Saltykov's last publication was a collection of satirical fables and tales. He died in Saint Petersburg and was interred in the Literary Cemetery. "The sole object of my literary work," wrote Saltykov-Shchedrin, "was unfailingly to protest against greed, hypocrisy, falsehood, theft, treachery, stupidity of modern Russians".
The greater part of Saltykov's work is a rather nondescript kind of satirical journalism, generally with little or no narrative structure, and intermediate in form between the classical "character" and the contemporary feuilleton. Greatly popular though it was in its own time, it has since lost much of its appeal simply because it satirizes social conditions that have long ceased to exist and much of it has become unintelligible without commentary.
During 1869-70 he published The History of a Town, which sums up the achievement of Saltykov's first period. It is a sort of parody of Russian history, concentrated in the microcosm of a provincial town, whose successive governors are transparent caricatures of Russian sovereigns and ministers, and whose very name is representative of its qualities: Glupov (literally, Sillytown).
Most works of Saltykov's later period are written in a language that the satirist himself called Aesopic. It is one continuous circumlocution because of censorship and requires a constant reading commentary. The style, moreover, is based on the bad journalistic style of the period, which originated largely with Osip Senkovsky, and which today invariably produces an impression of painfully elaborate vulgarity.[1]

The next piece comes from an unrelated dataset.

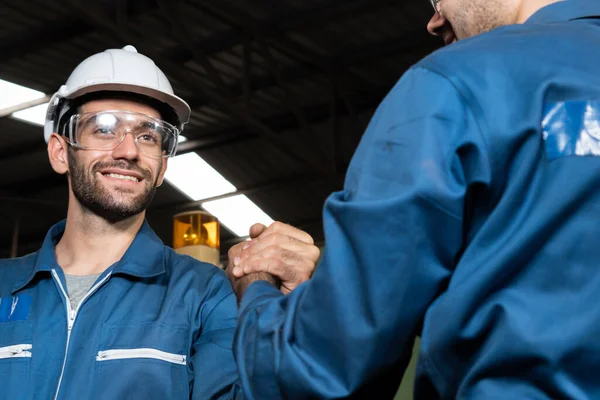 Two skillful factory engineer or worker showing teamwork and partnership .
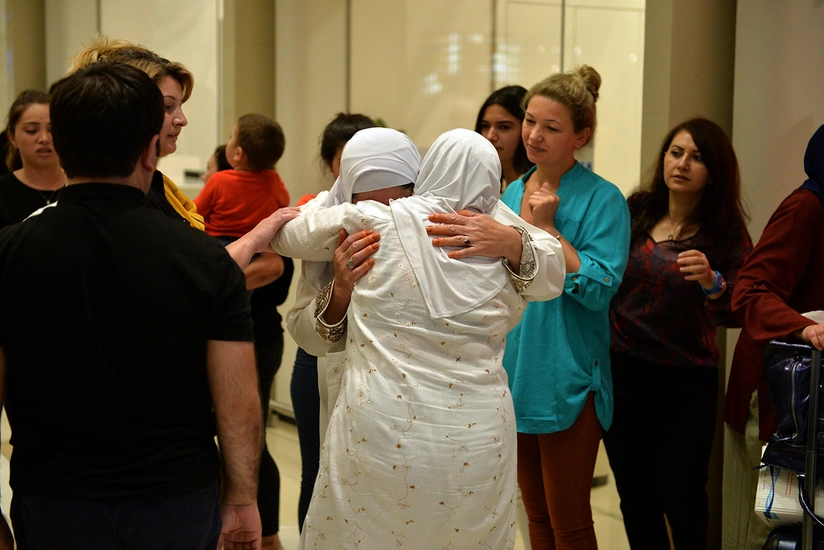 Azərbaycanlı zəvvarlar Bakıya qayıdıb - FOTOREPORTAJ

The Golovlyov Family was decried by D. S. Mirsky as the gloomiest book in all Russian literature—all the more gloomy because the effect is attained by the simplest means without any theatrical, melodramatic, or atmospheric effects. The most remarkable character of this novel is Porfiry Golovlyov, nicknamed 'Little Judas', the empty and mechanical hypocrite who cannot stop talking unctuous and meaningless humbug, not for any inner need or outer profit, but because his tongue is in need of constant exercise.[2]